Piping Plover, Charadrius melodus, Myer's Point Park, Lansing, Tompkins Co., New York, 16 September 2001.
These pictures were taken by my son Jay and me with an Olympus D-450 digital camera through my Swarovski HD-80 spotting scope.
All photos © Kevin J. McGowan
Jay and I just happened to stop and check Myer's Point on our way back home from the annual meeting of the Federation of New York State Bird Clubs. We were unaware that the Birding Club at Cornell had already found this bird the previous day. We were looking for Sanderlings, and I thought I had one, based on back color. Then I realized that it was a plover! I immediately turned and ran back to the car to get the scope and Jay instantly instantly whipped his digital camera from its "holster" and began taking pictures through his binoculars.
I once saw a very pale Semipalmated Plover in New Jersey that looked extremely like a Piping Plover. Despite the pale sand-colored back, it was recognizable as Semipal by its extensive black mask. Ever since that time I've been cautious about jumping to the conclusion that a pale, round-headed little plover is always a Piping. We spent a little while with this bird making sure of the species ID, and were confident that indeed it was a Piping based on the incomplete breast band, facial pattern, and the white uppertail that contrasted with the back color when the bird flew. The toes were only very slightly palmated as well.

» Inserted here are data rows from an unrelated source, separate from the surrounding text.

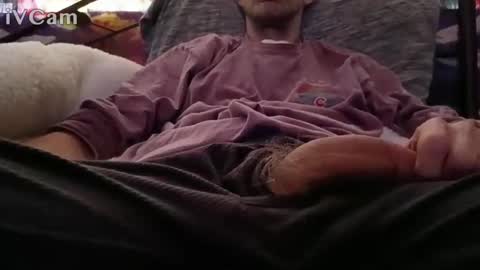 smoke-4-me online show from 11/06/25, 03:35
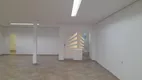 Foto 12 de Galpão/Depósito/Armazém à venda, 550m² em Jardim Tranquilidade, Guarulhos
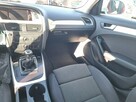 Audi A4 - 15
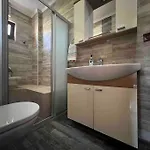Villa Chanel *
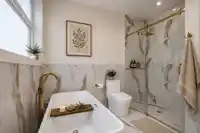 13977 60A AVENUE - thumbnail 13
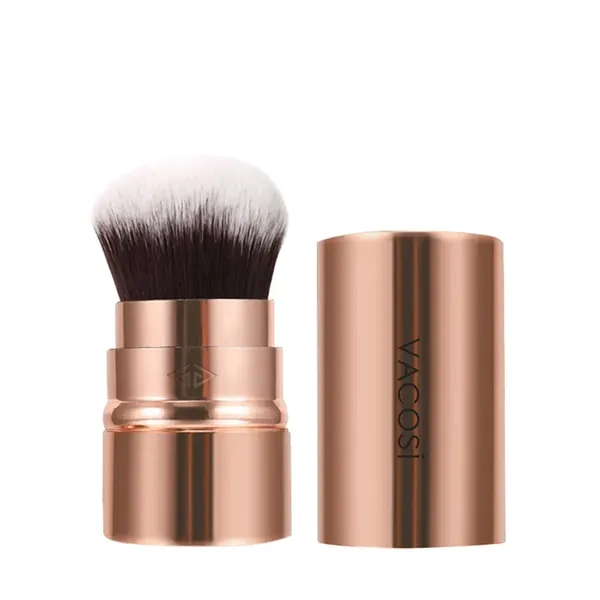 co-phu-nap-day-ngan-vacosi-powder-brush-1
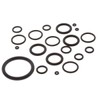 Trident 20 Piece Save A Dive Replacement Rubber O-Ring Kit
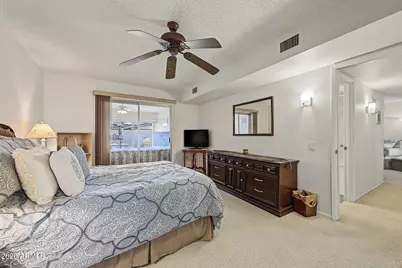13359 W Desert Glen Drive, Sun City West, AZ 85375 - Photo 17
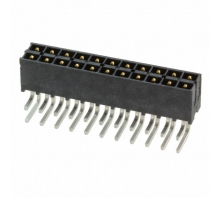 Imagen IPT1-111-01-S-D-RA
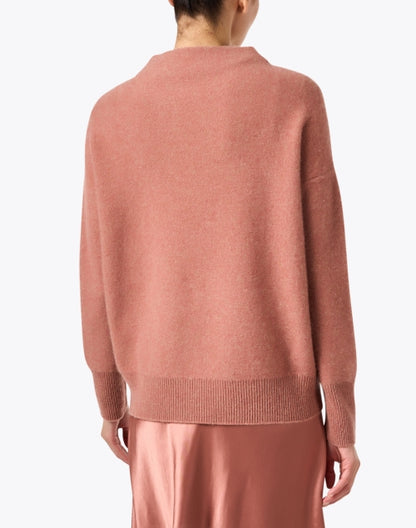 rose-pink-boiled-cashmere-sweater_back.jpeg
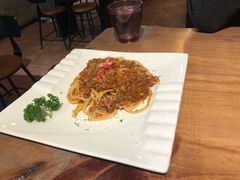 -盘炉forenza·云贵川融合小食堂 ( 钟楼中柳巷店)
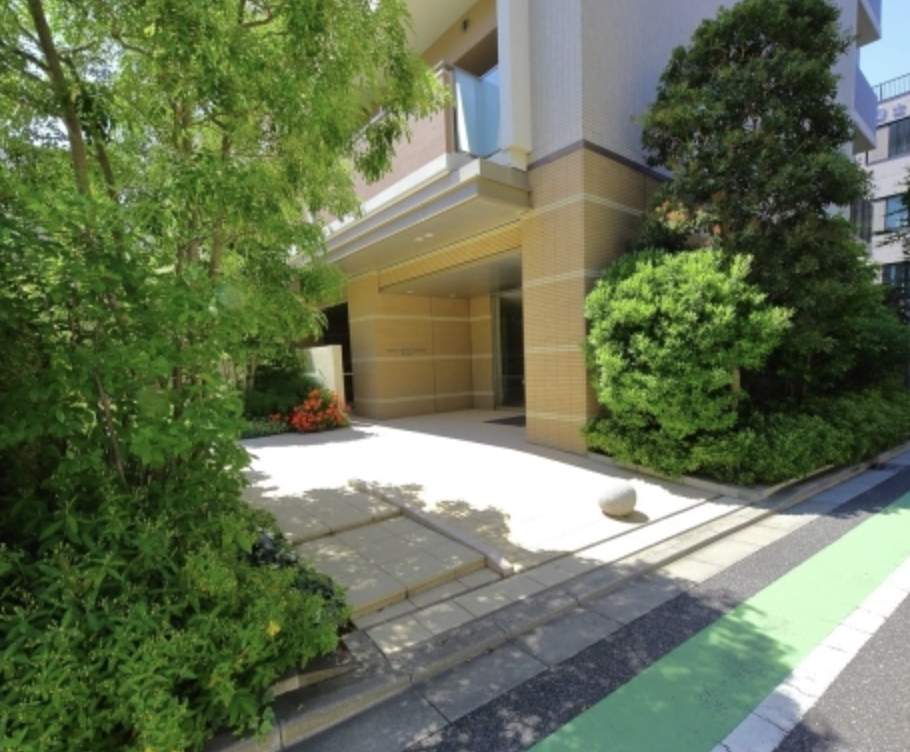 プラウド浦和仲町マークス 仲介手数料無料 中古マンション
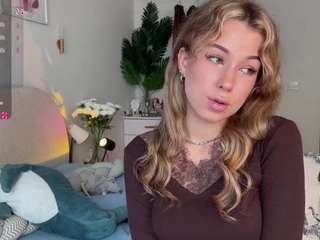 evacolins
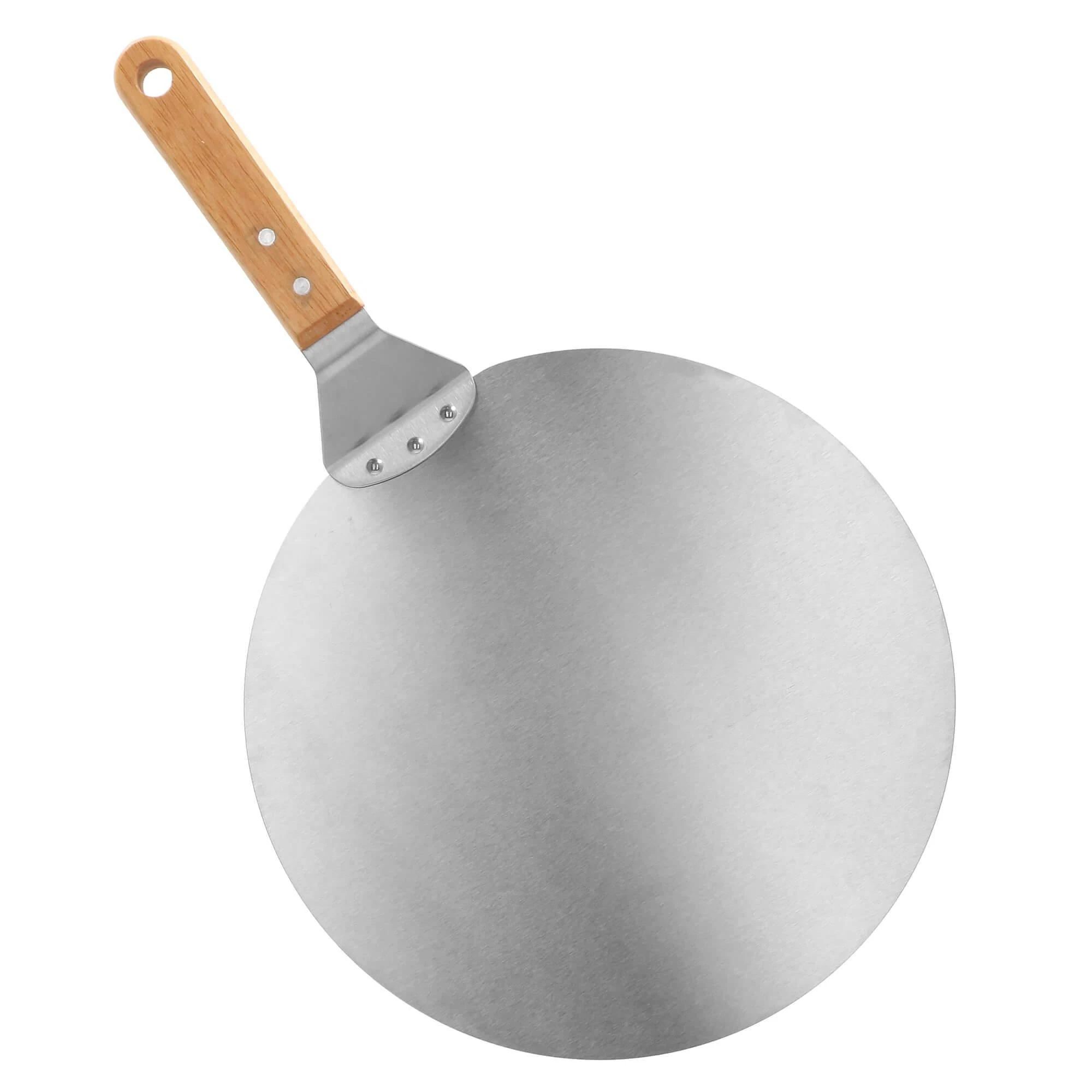 Picų kepimo rinkinys Springos KI0061 30 cm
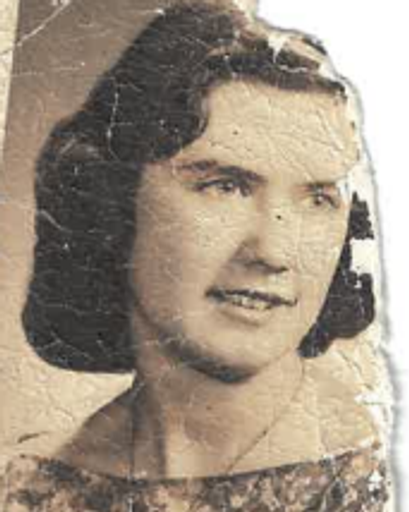 Virginia Kay Tibbetts Profile Photo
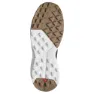 Salomon Patrol Play Junior Vandringsskor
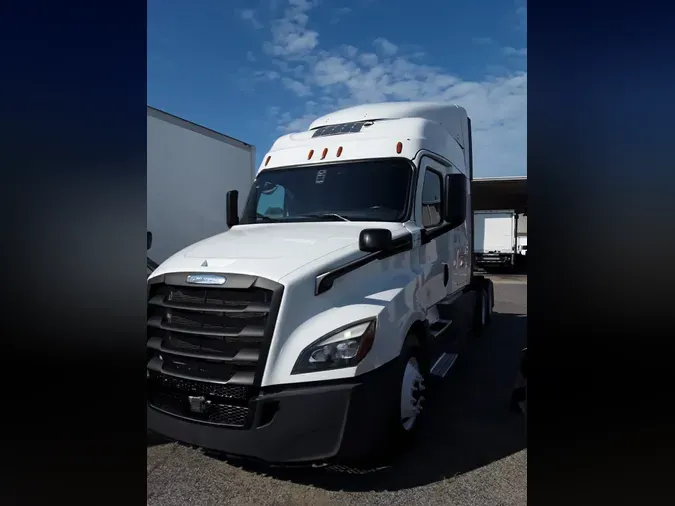 2019 FREIGHTLINER PT126064ST157ca9bf3c1d31fdf8961d7c7aab8d9b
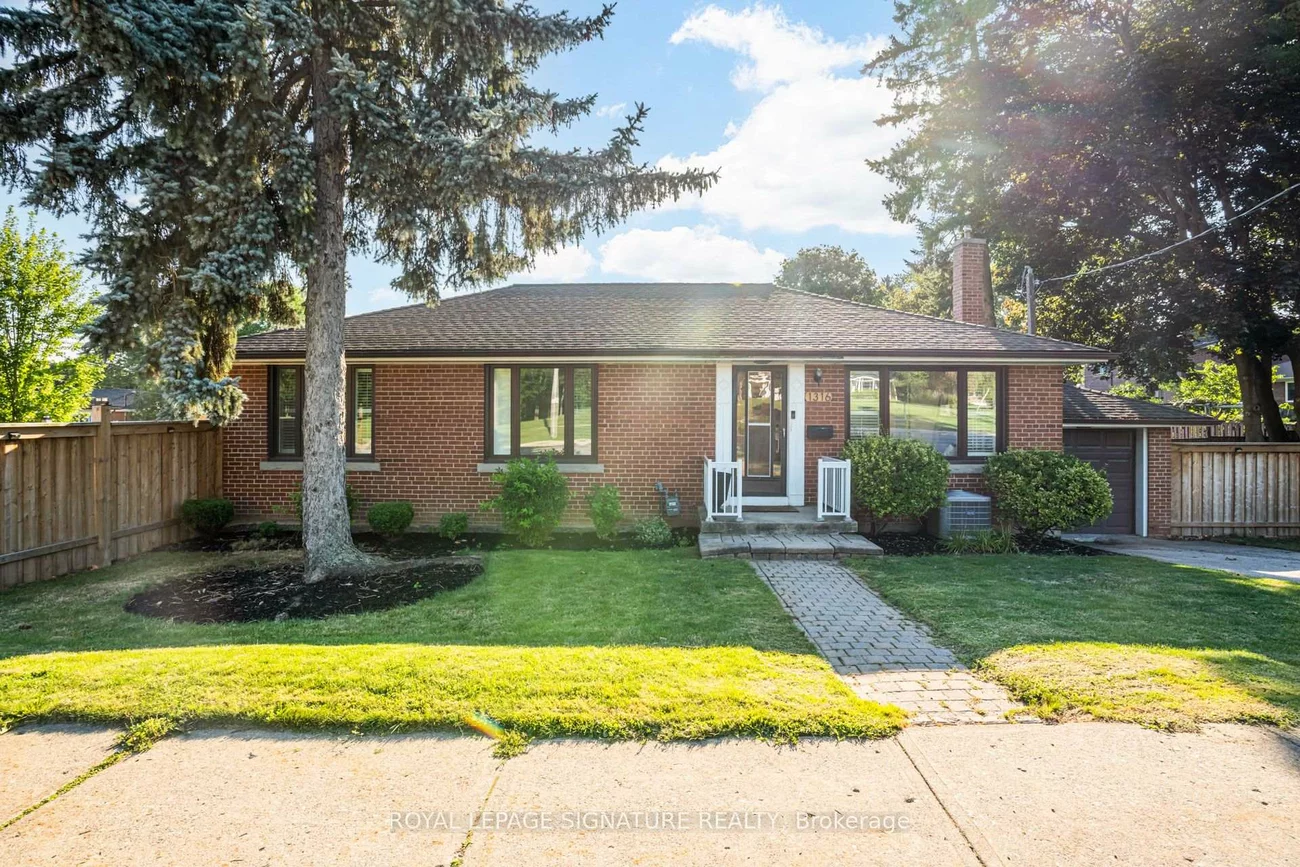 1316, Kipling, Princess-Rosethorn, Toronto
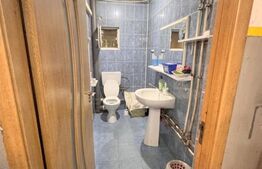 Casa individuala , 3 garaje , terasa ,  352mp utili, zona Dambu Rotund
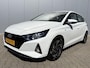 Hyundai i20 1.0 T-GDI Comfort / Airco / Cruise Control / All-season banden / Apple Carplay/Android Auto / Navigatie via Carplay /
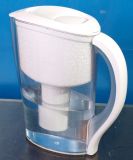 Alkaline Water Filter Pitcher (SW004T)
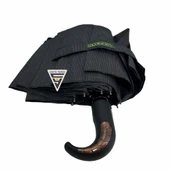 April A-226G A1 Baston Sap 10 Telli Tam Otomatik Şemsiye thumbnail 9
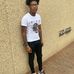 Sean Deshields - Facebook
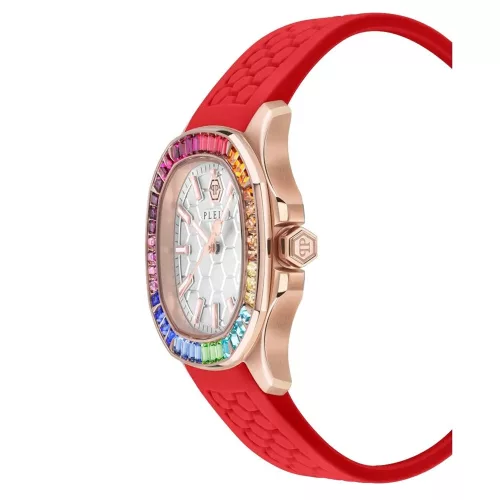Philipp Plein Spectre Lady PWTAA1024 Női Karóra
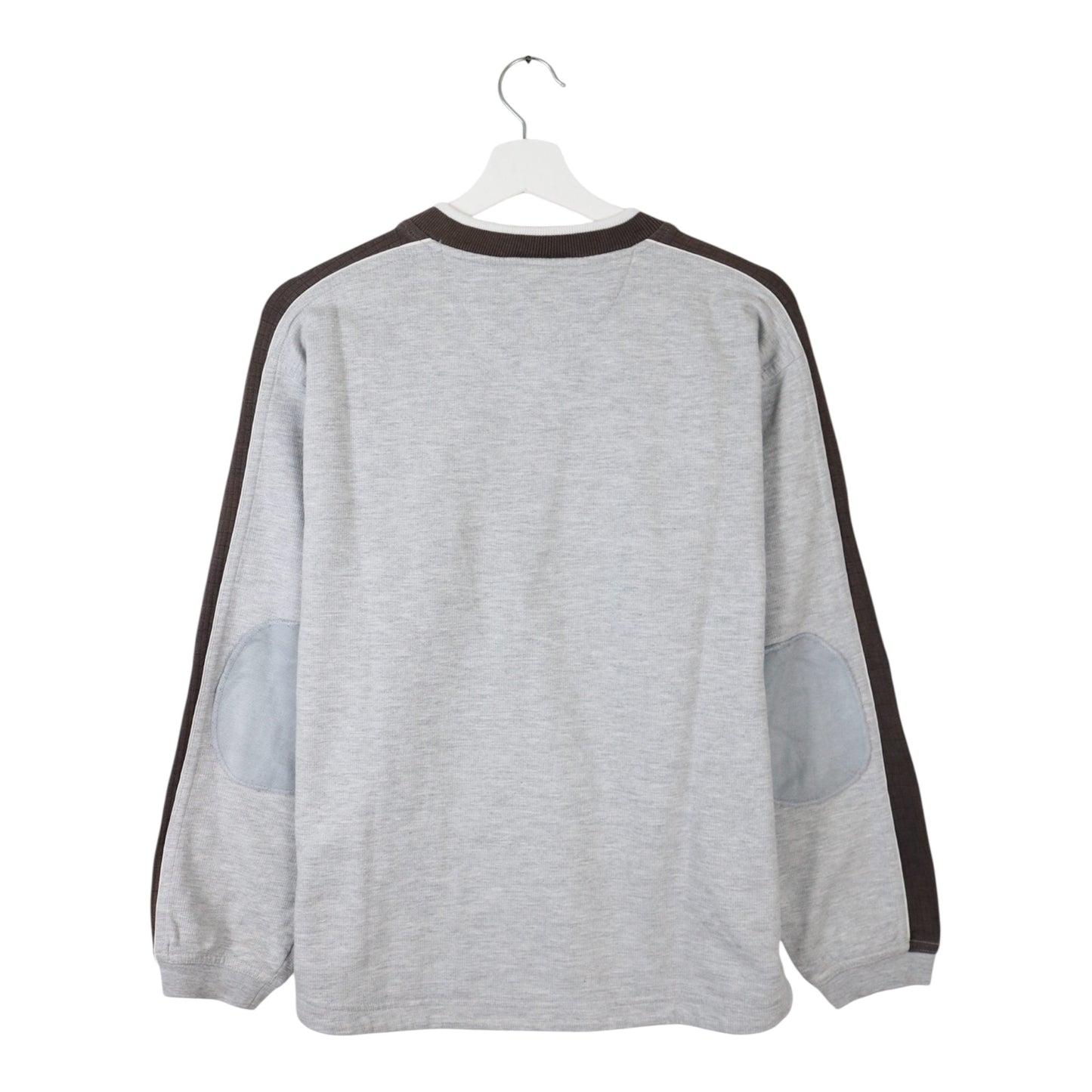 1990/00s Vintage Puma Sweater Womens S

I first thought it was a juvenile bird because of the ringed effect of many of the feathers, but I have since decided that it is probably an adult bird in full basic (non-breeding) plumage. I believe that a juvenile would have much more of a ringed look from larger buffy tips on the back feathers, especially on the upper back.
Notice how different the white collar on the back of the neck can look depending on the posture of the bird.
At one point we thought the bird was banded with a dark green band on the right foot, as can be seen in this picture.
Apparently, though, it was just a piece of vegetation stuck to the leg, which could be determined when it turned slightly.